M.MoNIR MADKOUR, MD,DM,FRCP (London)

is a consultant physician at Riyadh Military Hospital, Saudi Arabia. He was born in Kafr
Mishlah (Gharbiah), Egypt. He qualified from Alexandria University in 1968 and served
in the Rural Medical Unit in his own village. He was then appointed Senior Resident at
AI-Hussein University Hospital (AI-Azhar University), Cairo.
In 1971, he traveled to Great Britain and was appointed Registrar and later Research
Fellow at the University Department of Medicine, Glasgow. In 1977 he traveled to work in
Saudi Arabia and was appointed Assistant Professor of Medicine at King Saud University,
Riyadh, later joining the Military Hospital.
In 1979 Dr. Madkour and three colleagues founded the first scientific medical journal
in Saudi Arabia, the Saudi Medical Journal, and Dr. Madkour served as Associate
Editor for 20 years (1979-1998). He collated some 100 years (1887-1984) of medical
and paramedical research publications about Saudi Arabia into the Saudi Medical
Bibliography, published in three volumes by Churchill Livingstone in 1983 and 1986.

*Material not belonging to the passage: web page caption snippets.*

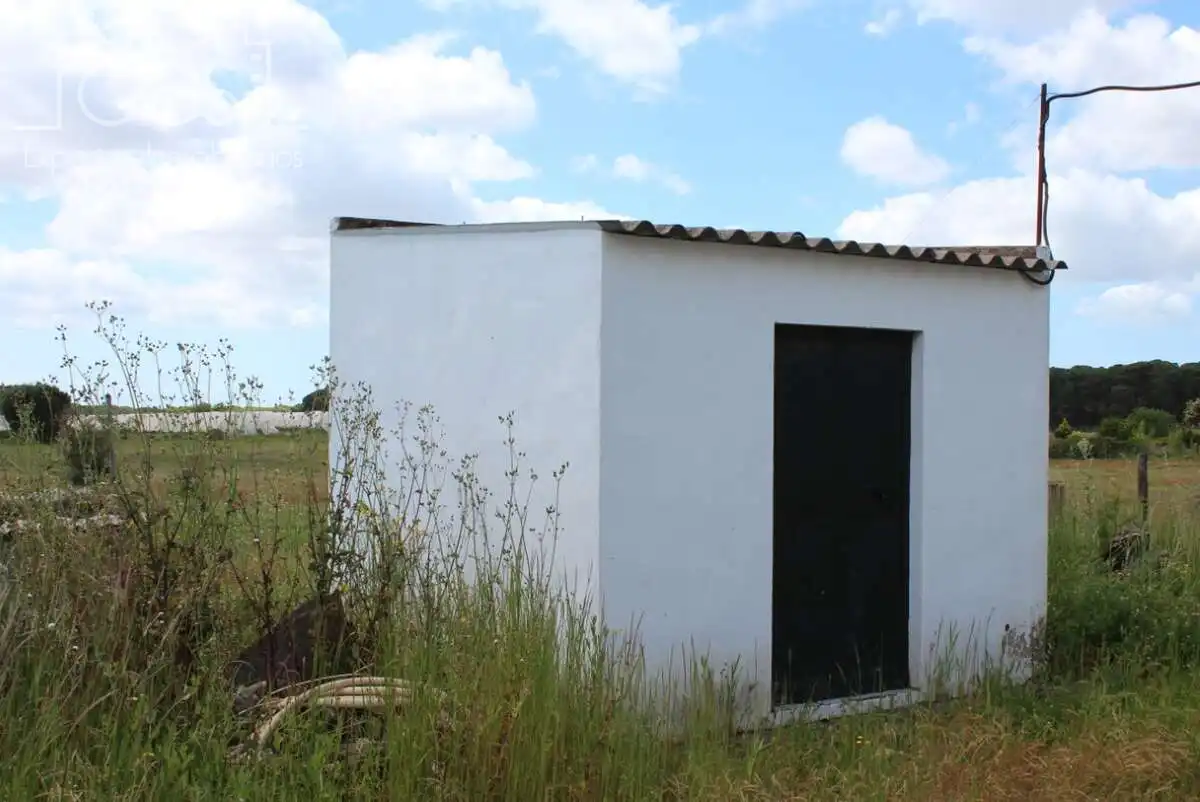Vista exterior de Finca rústica en venda en Almonte amb Traster i Moblat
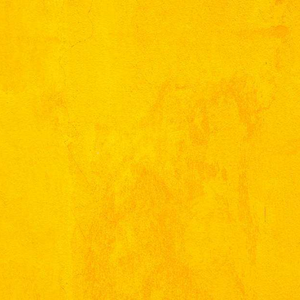 想在你身上探索宇宙的奥秘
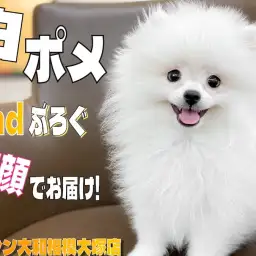 【 ポメラニアン 】毛量最高級!笑顔が可愛い白たぬきポメの2ndブログ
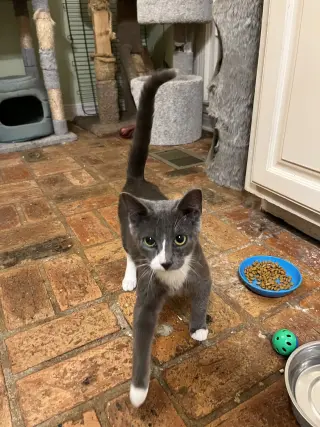 Grayson, LOVE BUG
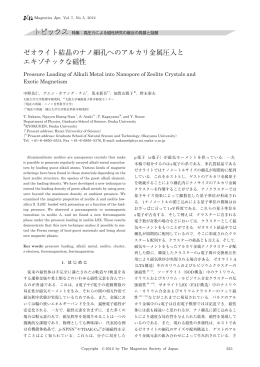 ゼオライト結晶のナノ細孔へのアルカリ金属圧入と エキゾチックな磁性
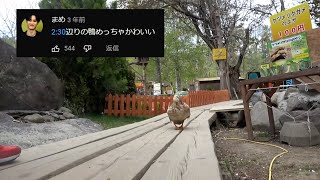 【律儀】日本一恐い動物園にいる鴨が可愛い【東海オンエア】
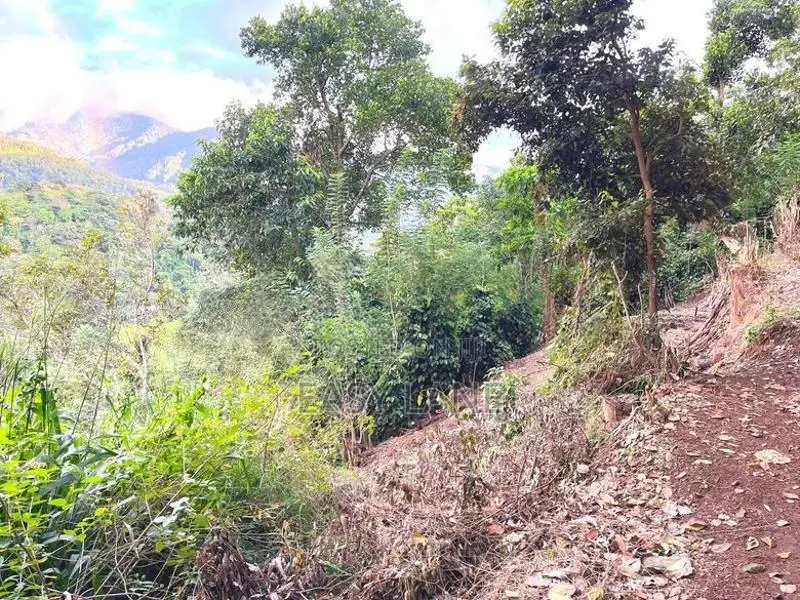 Land for Sale in Kandy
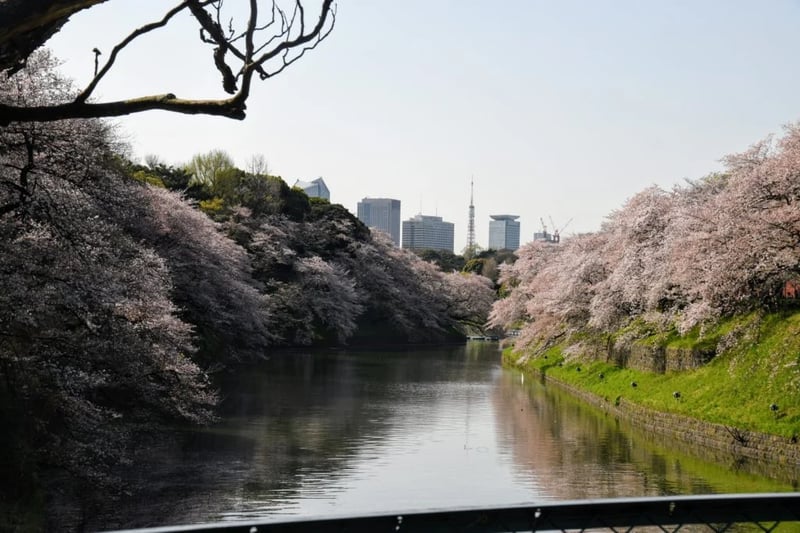 Cherry Trees in Tokyo
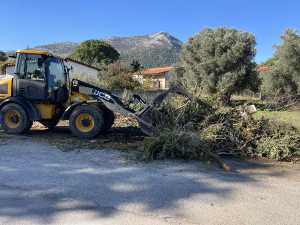 Μαραθώνας: Εντατικές αποκομιδές κλαδιών από τις 5 έως τις 14/11 από την Υπηρεσία Καθαριότητας Μαραθώνας: Εντατικές αποκομιδές κλαδιών από τις 5 έως τις 14/11 από την Υπηρεσία Καθαριότητας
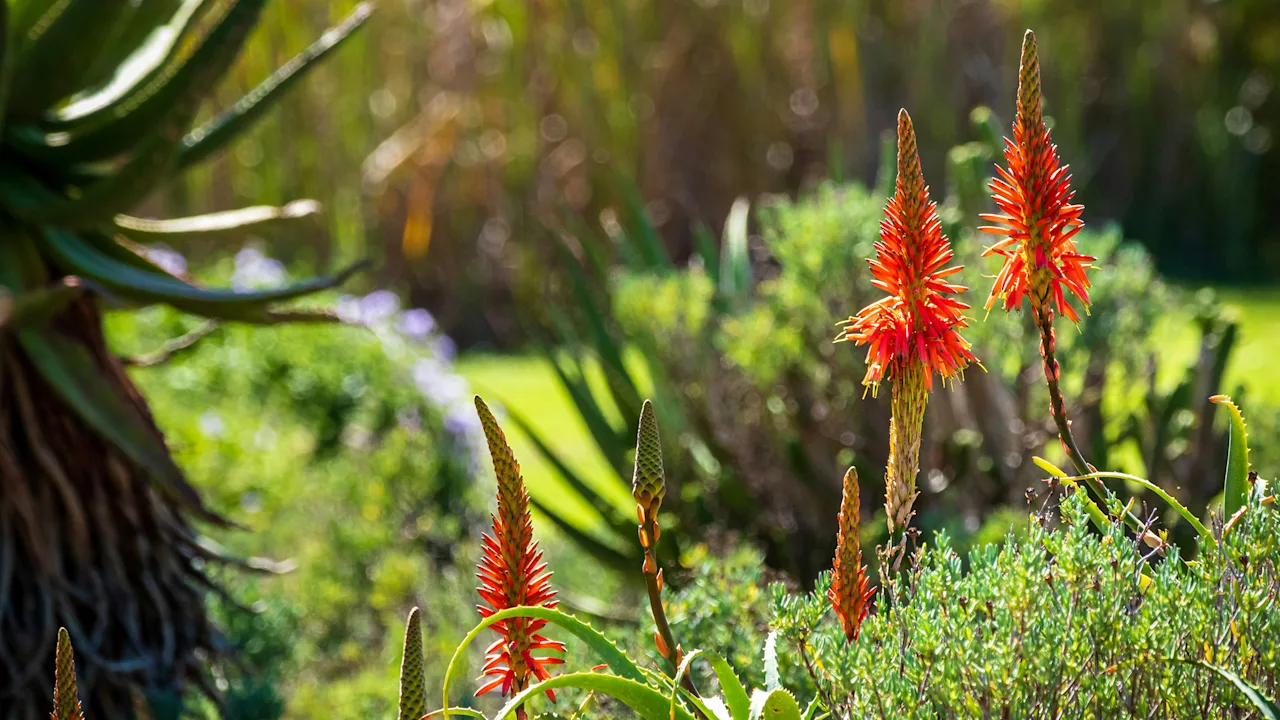How a growing demand for drought-tolerant, local plants is changing the landscaping industry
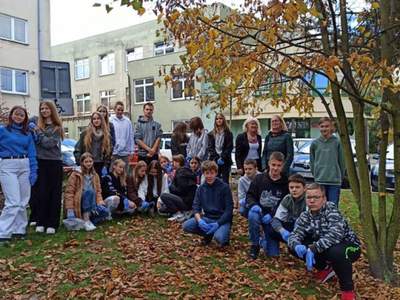 Wolontariusze z naszej szkoły posadzili wczoraj cebulki krokusów
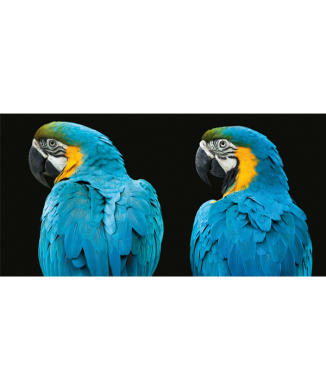 LOROS G3254 PINTDECOR Πίνακας
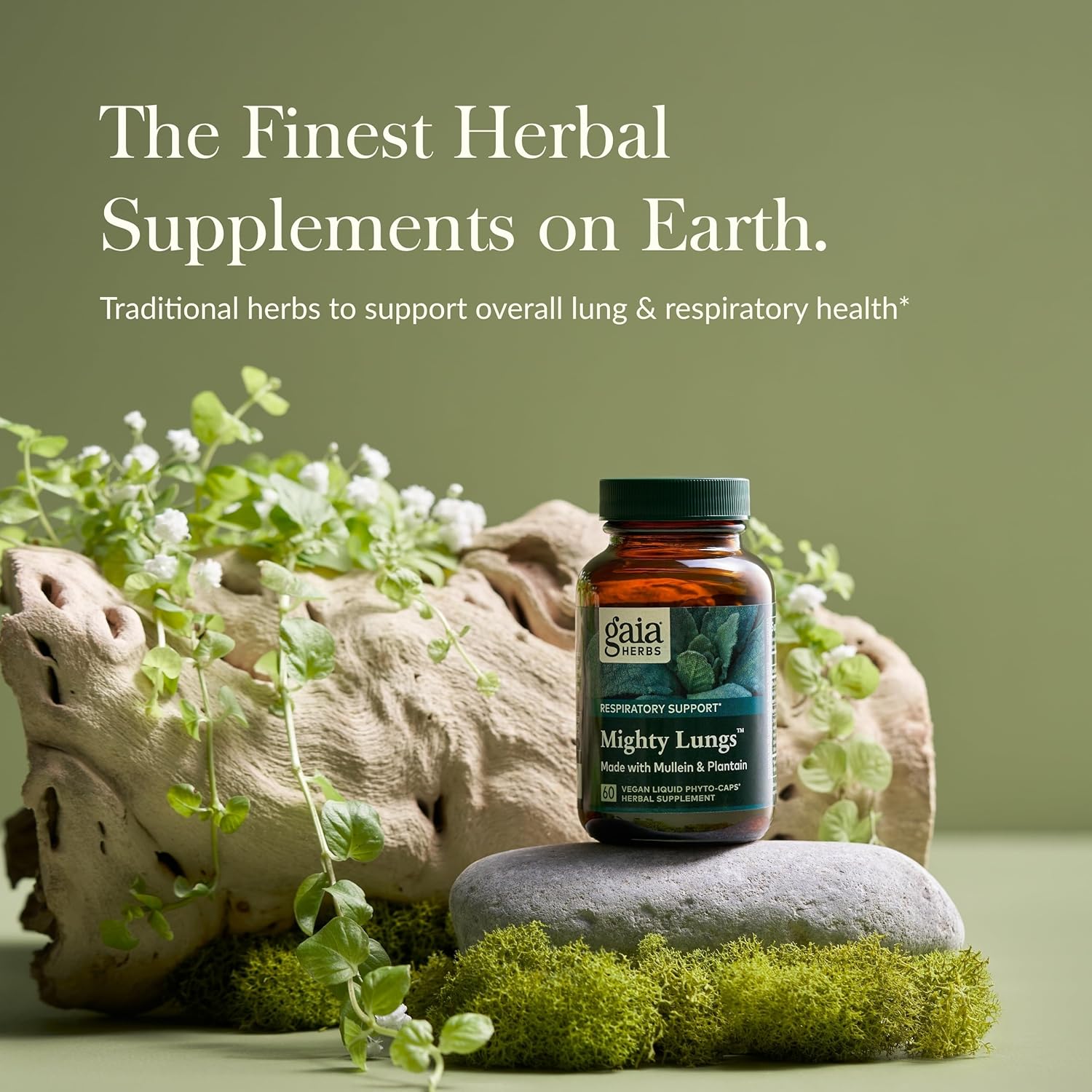 Gaia Herbs Mighty Lungs - Lung Support Supplement to Help Maintain Overall Lung & Respiratory Health* - With Mullein, Plantain, Schisandra & Elecampane - 60 Vegan Liquid Phyto-Capsules (30-Day Supply) - Nirvana Guru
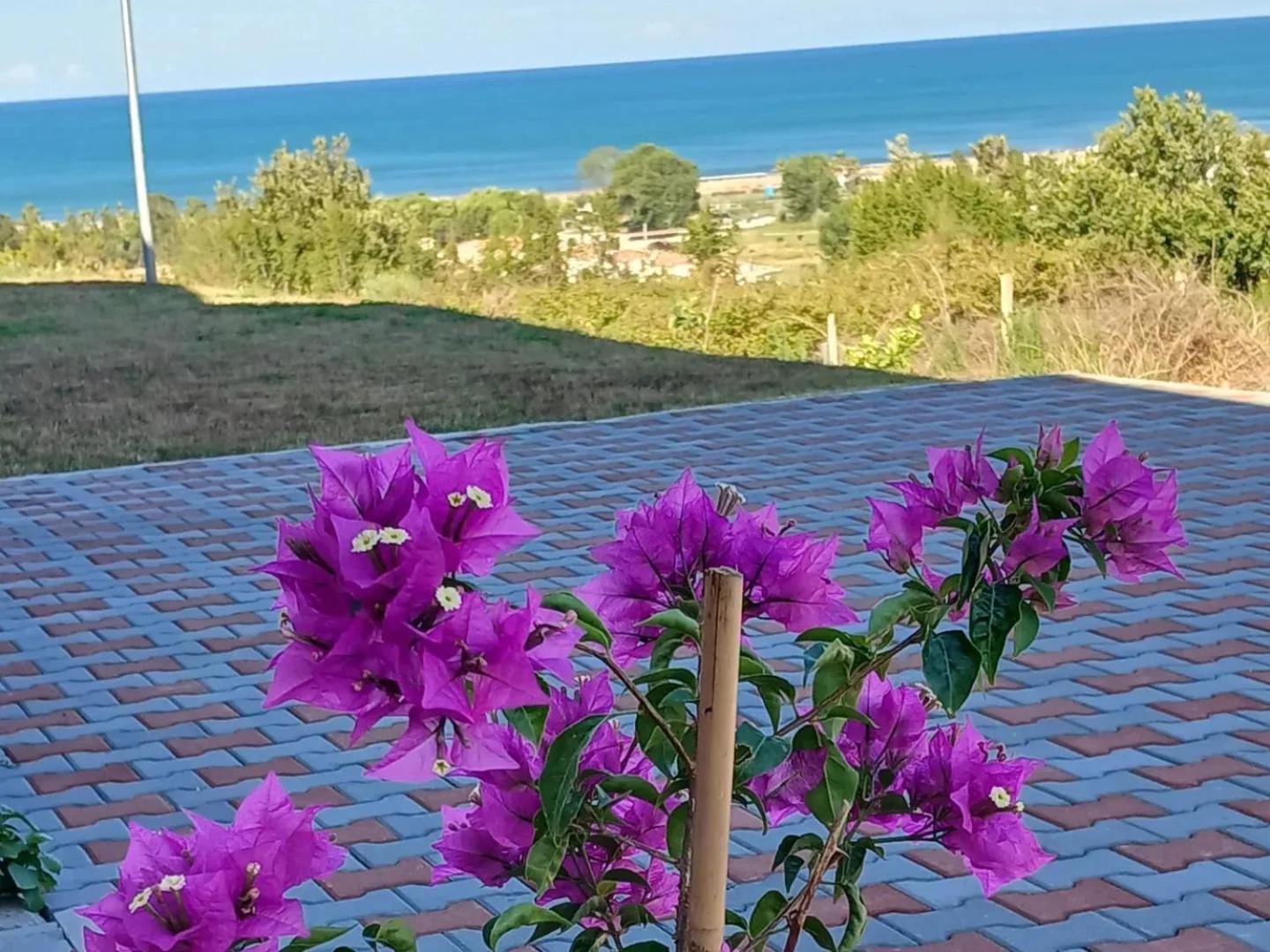 Sol Apartments Gjiri Lalzit Durrës 외부 사진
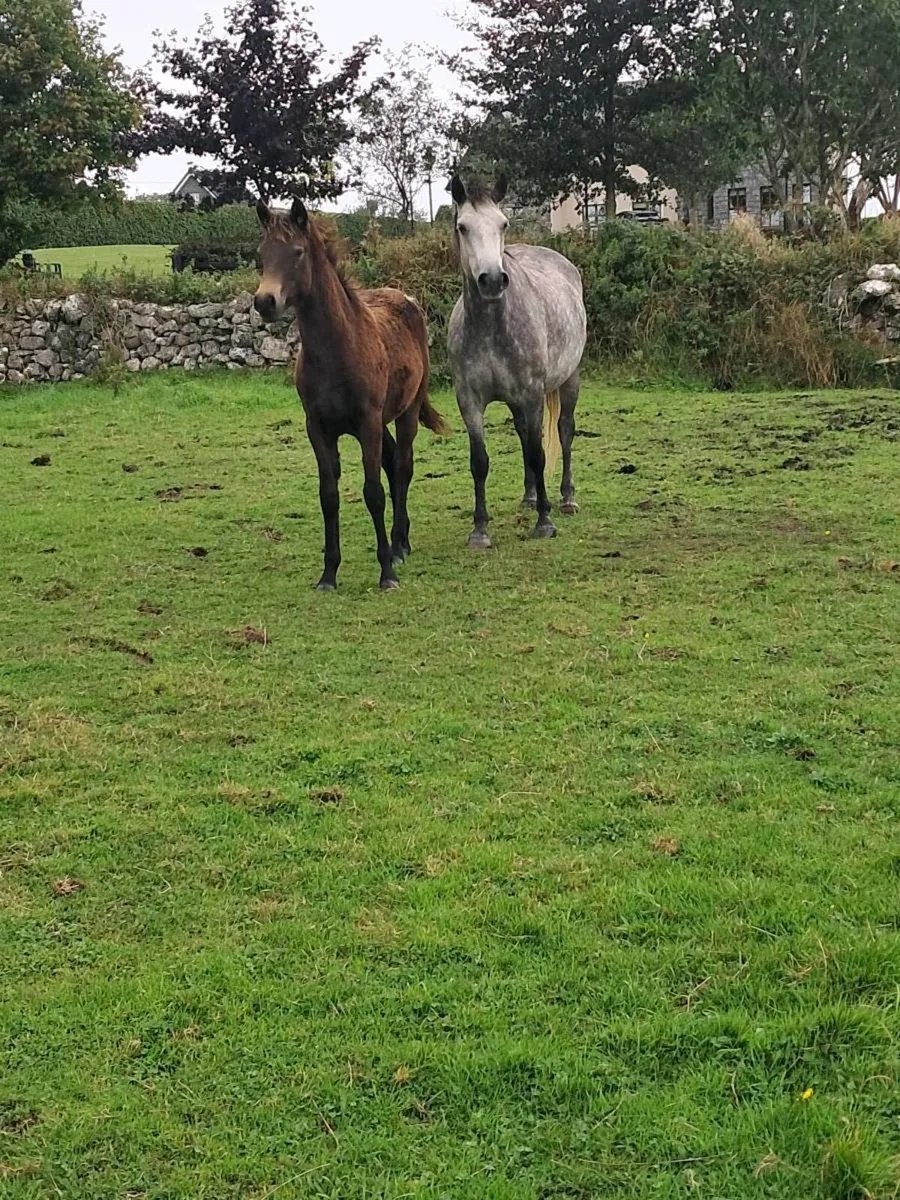 Connemara Foals - Image 2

In 1986, Dr. Madkour established the first medical clinic devoted to the investigation
of brucellosis. Experiences and scientific data gained from this clinic were published in
the first edition of his book, "Brucellosis" (1989) by Butterworths. In 2001, the second
edition, "Madkour's Brucellosis" was published by Springer-Verlag. Dr. Madkour has
many other medical publications to his credit. He is the author of chapters on brucellosis
in "Harrison's Principles ofInternal Medicine", 14th edn. (1998) and 15th en. (2001), and
in the "Oxford Textbook of Medicine", 3rd edn. (1996) and 4th edn. (2003).